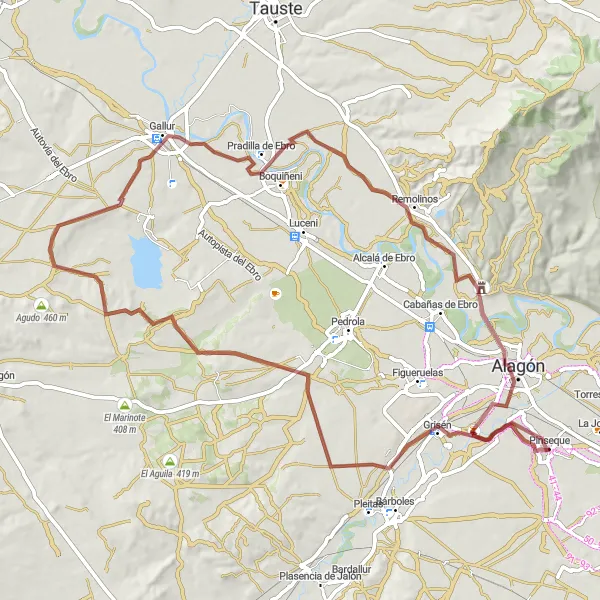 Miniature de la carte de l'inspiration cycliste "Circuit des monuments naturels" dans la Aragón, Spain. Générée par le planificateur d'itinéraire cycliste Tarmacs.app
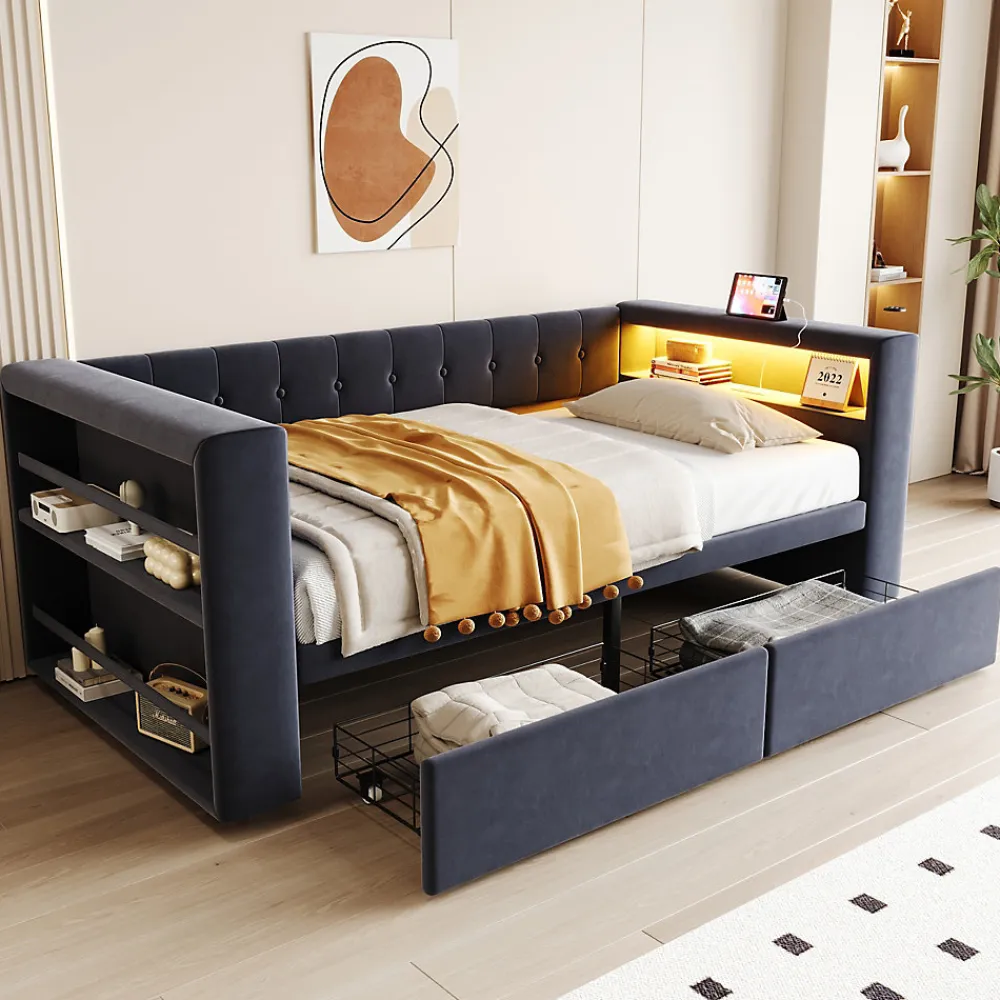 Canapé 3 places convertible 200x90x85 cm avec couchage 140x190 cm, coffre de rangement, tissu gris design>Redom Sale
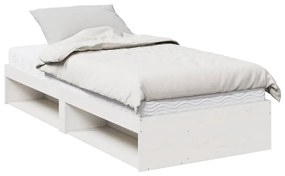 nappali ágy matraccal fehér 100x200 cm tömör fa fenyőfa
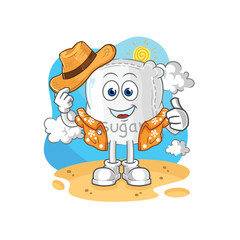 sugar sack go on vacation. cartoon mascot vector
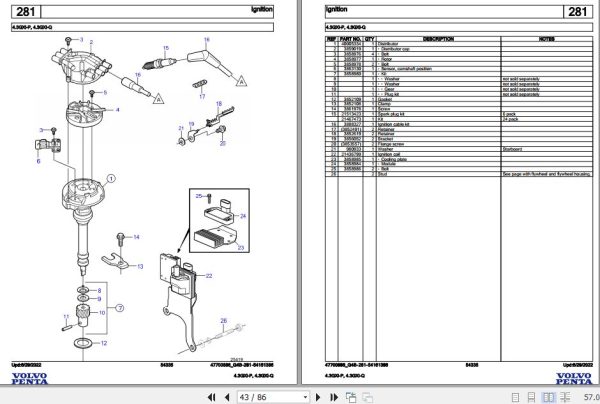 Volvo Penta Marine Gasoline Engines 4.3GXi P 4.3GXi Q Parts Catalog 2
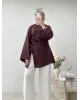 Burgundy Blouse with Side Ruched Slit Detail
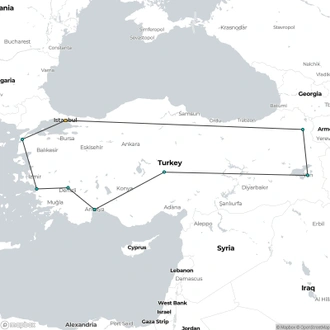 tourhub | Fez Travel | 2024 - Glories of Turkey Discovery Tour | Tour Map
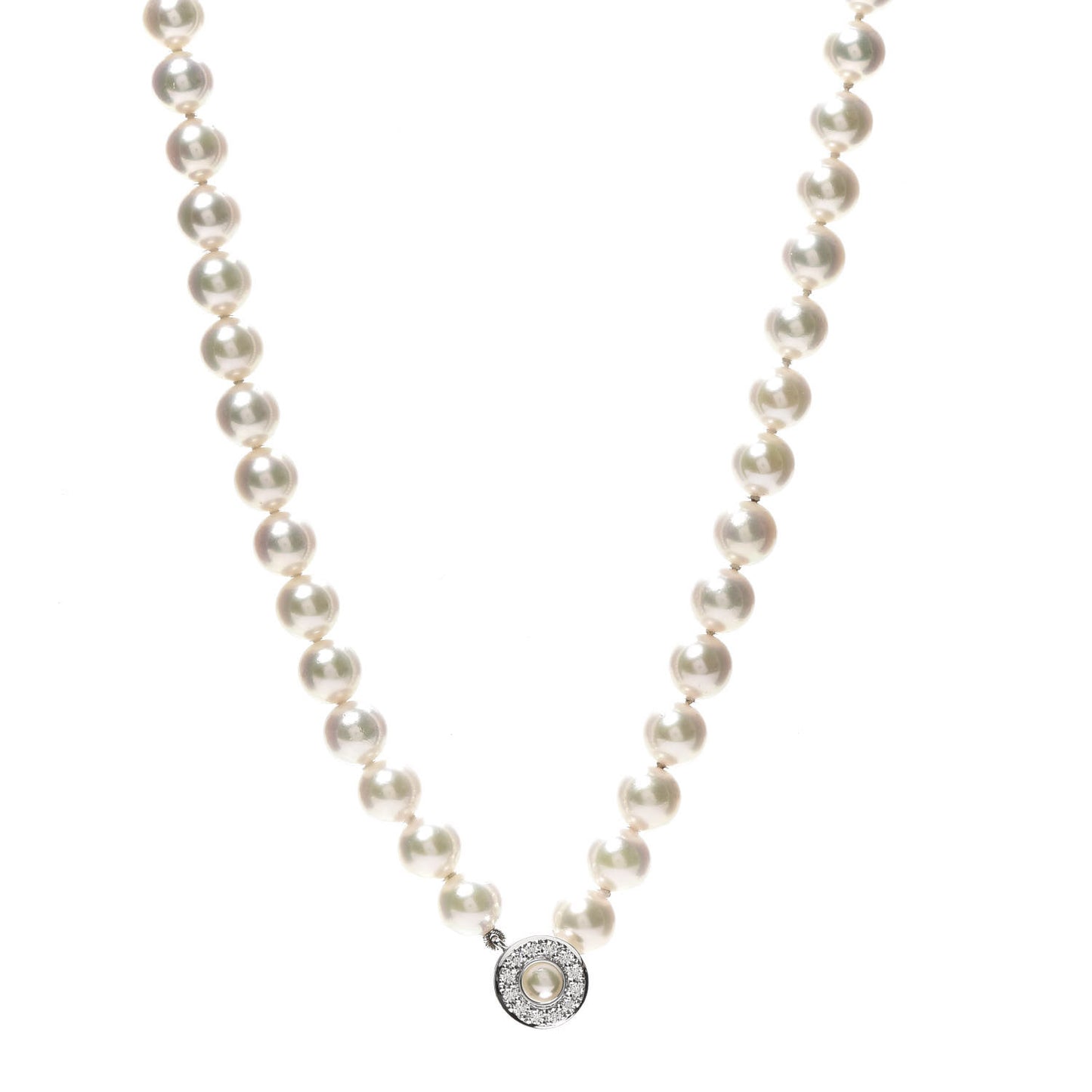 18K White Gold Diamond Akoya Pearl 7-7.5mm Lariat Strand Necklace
-- -- --
Every line above should be returned word for word, with the pictures left behind.

◆ WRITTEN ANSWER ◆
 Miniature de la carte de l'inspiration cycliste "Circuit des monuments naturels" dans la Aragón, Spain. Générée par le planificateur d'itinéraire cycliste Tarmacs.app
 Canapé 3 places convertible 200x90x85 cm avec couchage 140x190 cm, coffre de rangement, tissu gris design>Redom Sale
 nappali ágy matraccal fehér 100x200 cm tömör fa fenyőfa
 sugar sack go on vacation. cartoon mascot vector
 Volvo Penta Marine Gasoline Engines 4.3GXi P 4.3GXi Q Parts Catalog 2
 Burgundy Blouse with Side Ruched Slit Detail
 tourhub | Fez Travel | 2024 - Glories of Turkey Discovery Tour | Tour Map
 18K White Gold Diamond Akoya Pearl 7-7.5mm Lariat Strand Necklace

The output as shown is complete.